Globally, symptomatic HAV infections are believed to occur in around 1.4 million people a year. About 114 million infections (asymptomatic and symptomatic) occurred all together in 2015. Acute hepatitis A resulted in 11,200 deaths in 2015. Developed countries have low circulating levels of hepatovirus A, while developing countries have higher levels of circulation. Most adolescents and adults in developing countries have already had the disease, thus are immune. Adults in midlevel countries may be at risk of disease with the potential of being exposed.

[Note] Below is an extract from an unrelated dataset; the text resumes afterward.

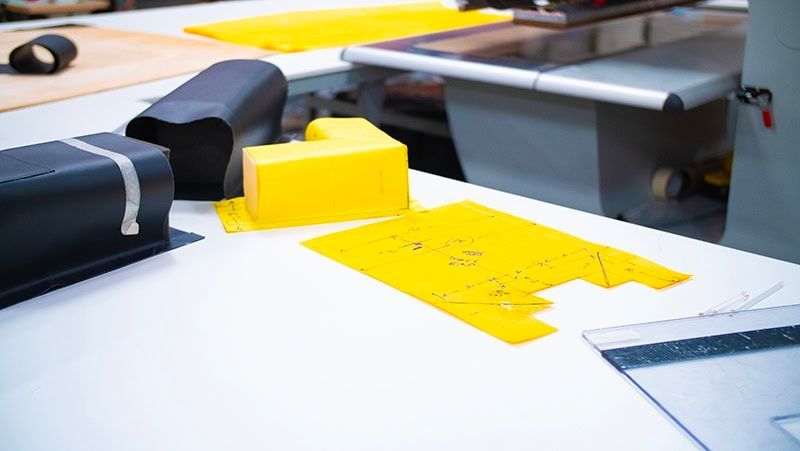 A yellow block is sitting on top of a white table.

The most widespread hepatitis A outbreak in the United States occurred in 2018, in the state of Kentucky. The event was ongoing as of June 30, 2018. As of June 27, 2018, the total number of suspected people affected is 969 people (482 cases in Louisville, Kentucky). In total, six people have died from the virus. A total of 48% of the state's counties have reported of at least one case of hepatitis A. As of June 30, 2018, where the outbreak started is unknown, but it is believed to have started around the fall of 2017 ( Another widespread outbreaks in the United States, 2003 United States hepatitis outbreak, affected at least 640 people (killing four) in northeastern Ohio and southwestern Pennsylvania in late 2003. The outbreak was blamed on tainted green onions at a restaurant in Monaca, Pennsylvania. In 1988, more than 300,000 people in Shanghai, China, were infected with HAV after eating clams (Anadara subcrenata) from a contaminated river. In June 2013, frozen berries sold by US retailer Costco and purchased by around 240,000 people were the subject of a recall, after at least 158 people were infected with HAV, 69 of whom were hospitalized. In April 2016, frozen berries sold by Costco were once again the subject of a recall, after at least 13 people in Canada were infected with HAV, three of whom were hospitalized. In Australia in February 2015, a recall of frozen berries was issued after at least 19 people contracted the illness following their consumption of the product. In 2017, California (particularly around San Diego), Michigan, and Utah reported outbreaks of hepatitis A that have led to over 800 hospitalizations and 40 deaths.